Um, if you see Mitch Kapor as an "end user," you're hopeless. He raises money for the foundation, and gives money for the foundation, that enables Mozilla to have the mindshare and following it does. If you can't grasp that, it's hopeless.

If you can't accept simple reports of simple bugs and problems in using Firefox, you're no different than Lindens who refuse to believe a single thing told them about SL as it plays on every normal person's computer except theirs.

Firefox isn't self-funded via advertising. The Mozilla Foundation goes on paying for it. Advertising helps. That may reimburse the funders to some extent. It is not an entirely self-financed operation -- nor how could it EVER be construed by that when 80,000 people *work for free* on it.

The pyramids were, uh, self-financing based on exploited and slave labour, too, but they didn't remain as a form of human culture and economy forever.

I personally see the entire open-source thing as a cult that will appear in history books as something as quaint as the Holy Rollers at the tent revival meetings of the last century.

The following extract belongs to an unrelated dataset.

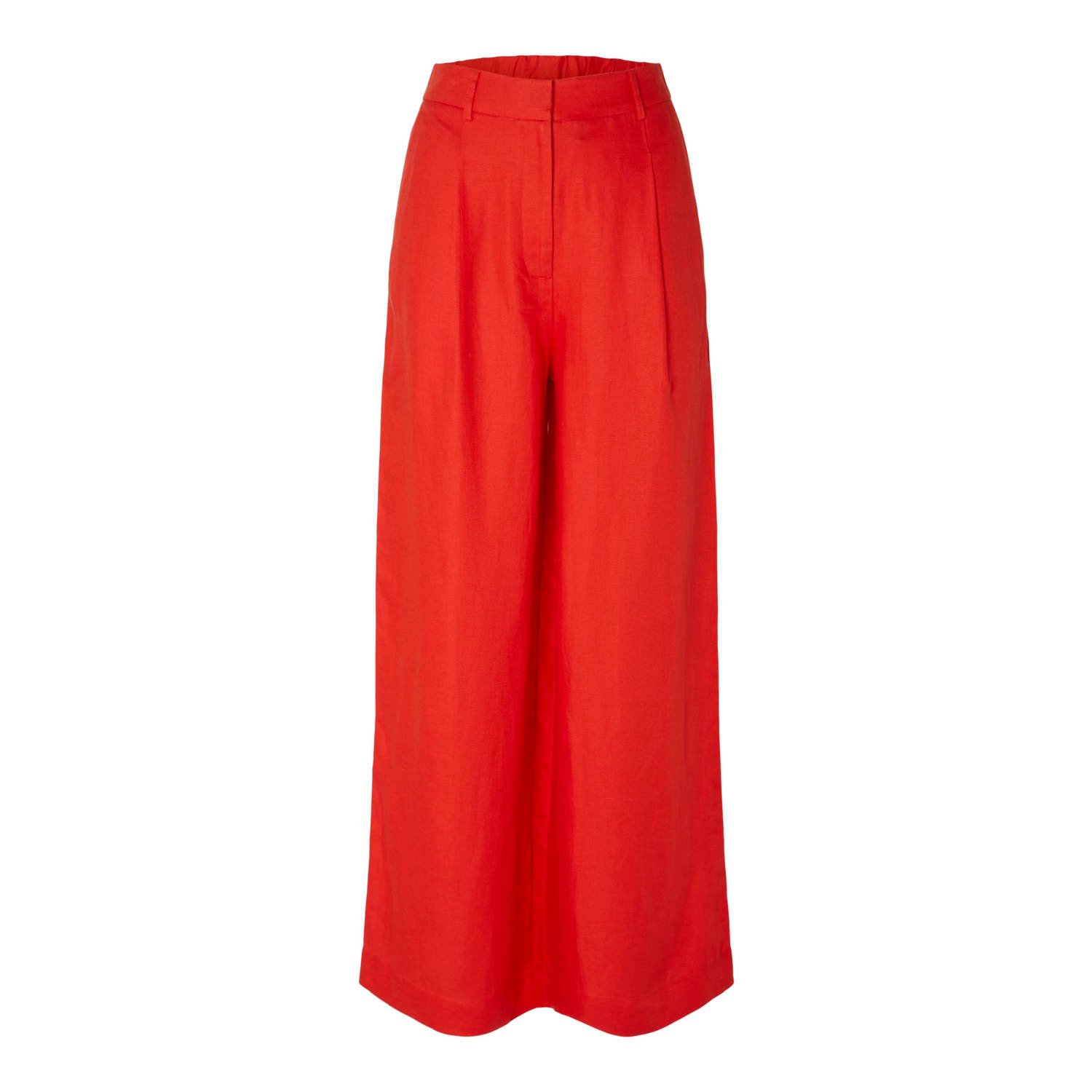 SELECTED FEMME high waist wide leg pantalon SLFYRA rood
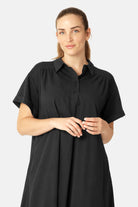 Lange A-lijn Jurk TENCELLA01 | Dark Indigo | Dress | Ilse Jacobsen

Religious fervour is a wonderful thing, and can create cultural impulses for centuries to come; religious groups had a powerful influence in creating universities in America that went on educating people long after the religious element was traded in favour of the secularism that in fact these more tolerant religions tolerated. Open source will lose its religious zeal and fanaticism in time, too.

John Lopez

Please: "I'm puzzled by the energy expended towards Kapor, as an end user, I could care less about him or his involvement in anything." clearly doesn't parse that way. Try: "As an end user, I could care less about Kapor or his involvement in anything, so your comments puzzle me".

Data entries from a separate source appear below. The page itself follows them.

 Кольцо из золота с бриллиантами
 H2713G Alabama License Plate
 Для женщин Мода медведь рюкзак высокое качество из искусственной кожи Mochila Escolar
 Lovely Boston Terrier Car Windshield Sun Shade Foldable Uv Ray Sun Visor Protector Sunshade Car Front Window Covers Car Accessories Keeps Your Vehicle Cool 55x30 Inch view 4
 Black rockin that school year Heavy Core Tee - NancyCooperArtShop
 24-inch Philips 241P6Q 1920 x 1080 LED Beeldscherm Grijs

Nor did I reject your comments about bugginess, I mention that I switch to IE for some sites where Firefox doesn't play nice. That is less and less over time, but it still happens. (On the other hand, IE doesn't play well with all sites *either*.)

Nor do I care where the money comes from; a lionshare does come from advertising revenue (you can look at the linked article to see just how much does). But again, why does an end user care about any of this.

See, I'm a *user* of open source more than anything. I don't care if it is made by elves, or by corporate drones. Your comments on religious fervor don't apply, neither to me or frankly the vast majority of Firefox users (which is no longer a "geek only" toy).

So, what's the point? Lots and lots of typing that leads to no conclusion about the original question. I will try again:

"Progress on what front? Is it a front they (the foundation) care about? Is it a front I (as an end user) should care about?"

Gigs Taggart

"somebody always DOES pay. ... it's not really volunteerism is any real altruistic sense as the volunteers generally always hope to get something out of it -- and are paid *somehow*."

Isn't that what I said?

"They are taking essentially free labour and exploiting it."

Non sequitor. We just agreed the labor wasn't free.

"You are making it seem like well-meaning enthusiasts in an ideal utopia work on software because they are brilliant"

That's pretty much the opposite of what I said.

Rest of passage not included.